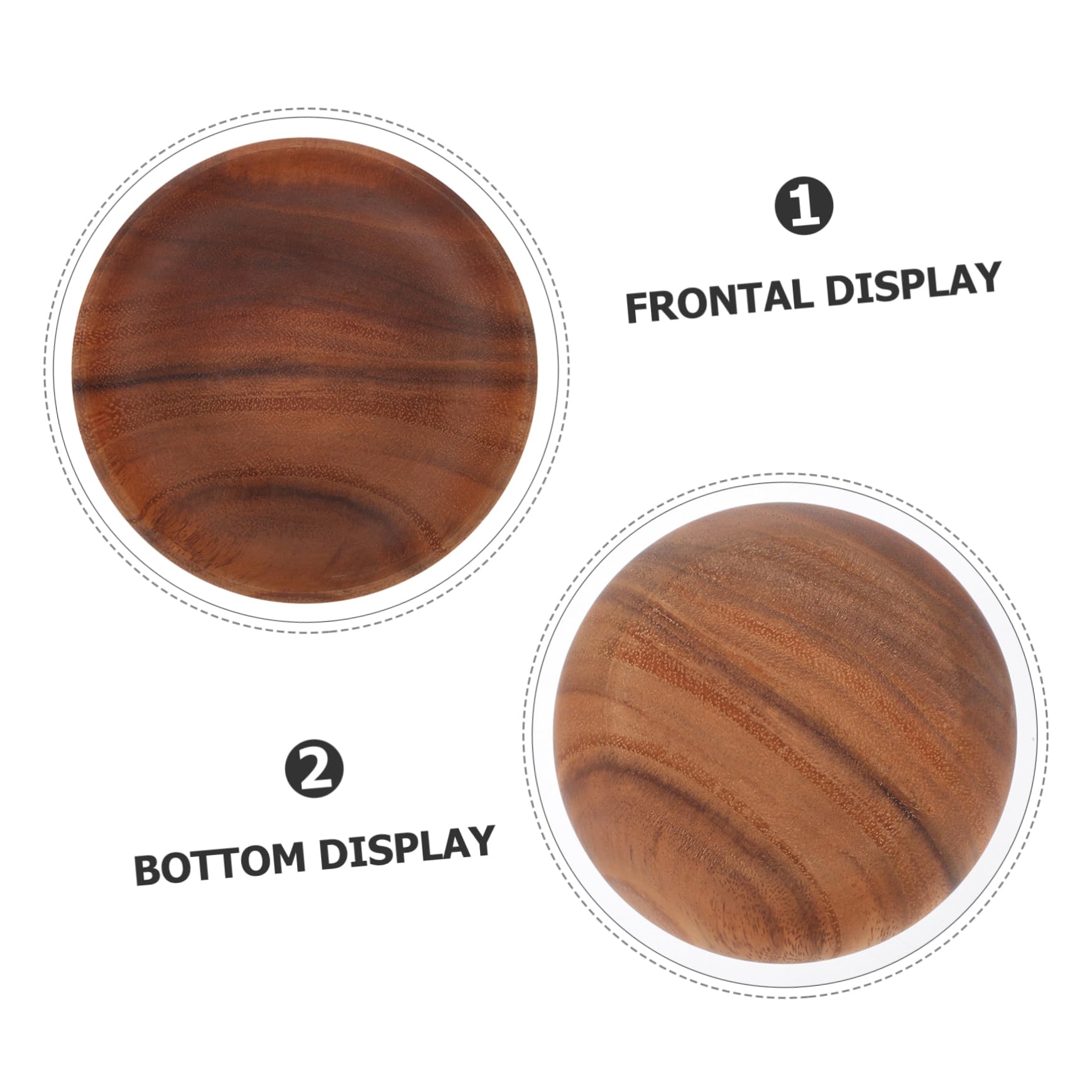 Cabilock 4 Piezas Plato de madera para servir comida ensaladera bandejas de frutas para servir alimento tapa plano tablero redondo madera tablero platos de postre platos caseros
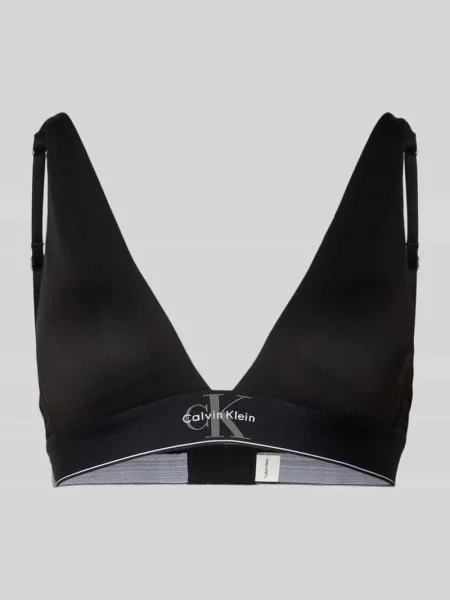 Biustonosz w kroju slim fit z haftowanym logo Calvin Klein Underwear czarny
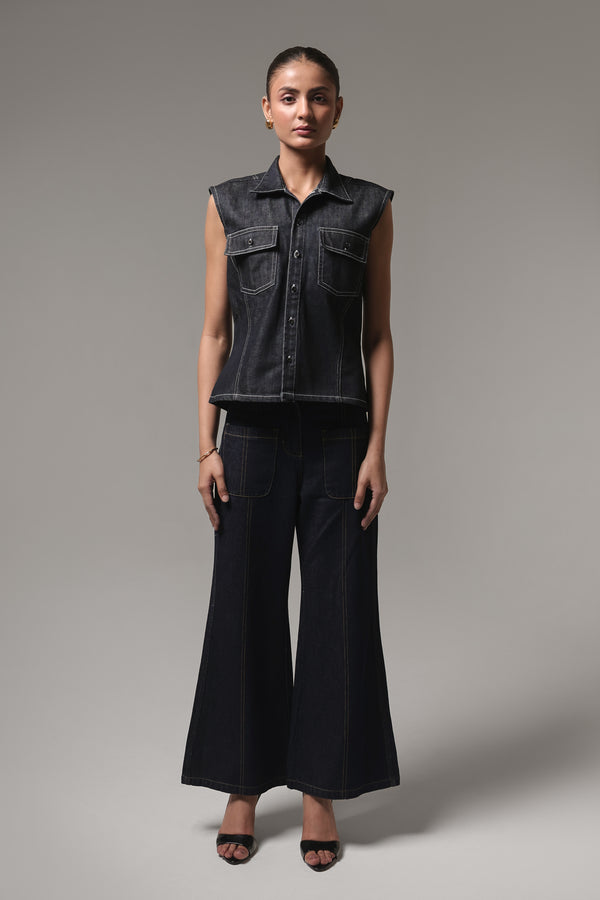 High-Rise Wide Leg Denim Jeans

--

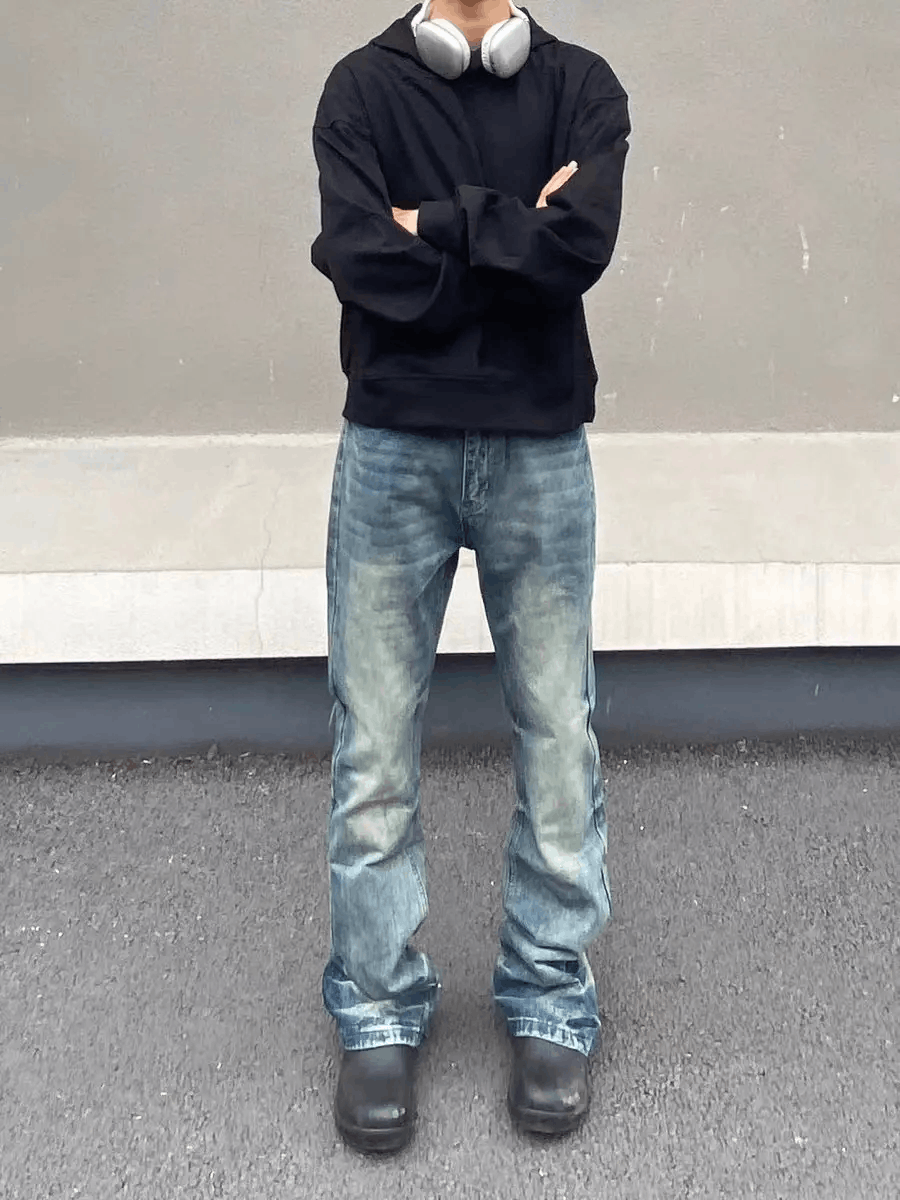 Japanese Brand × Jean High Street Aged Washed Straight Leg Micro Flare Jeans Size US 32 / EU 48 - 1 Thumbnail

» **YOUR ASSIGNMENT**
Within the entries above, the lines from the one containing "Cabilock 4 Piezas" through the one containing "Biustonosz w kroju" are to be transcribed exactly, ends included, pictures excluded.

» **ANSWER FOR THE TASK**
 Cabilock 4 Piezas Plato de madera para servir comida ensaladera bandejas de frutas para servir alimento tapa plano tablero redondo madera tablero platos de postre platos caseros
 Biustonosz w kroju slim fit z haftowanym logo Calvin Klein Underwear czarny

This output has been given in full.